■ **Source material**
Segment Open

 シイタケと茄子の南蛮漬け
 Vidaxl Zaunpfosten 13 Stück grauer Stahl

Segment Closed
Segment Open

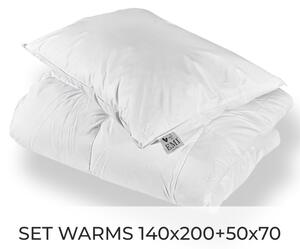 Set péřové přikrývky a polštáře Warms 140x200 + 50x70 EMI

Segment Closed

■ **Problem to work on**
Only one stretch of the records above is wanted: the lines between the one holding "シイタケと茄子の南蛮漬け" and the one holding "Vidaxl Zaunpfosten 13 Stück grauer Stahl", inclusive, reproduced exactly.

■ **Written answer**
 シイタケと茄子の南蛮漬け
 Vidaxl Zaunpfosten 13 Stück grauer Stahl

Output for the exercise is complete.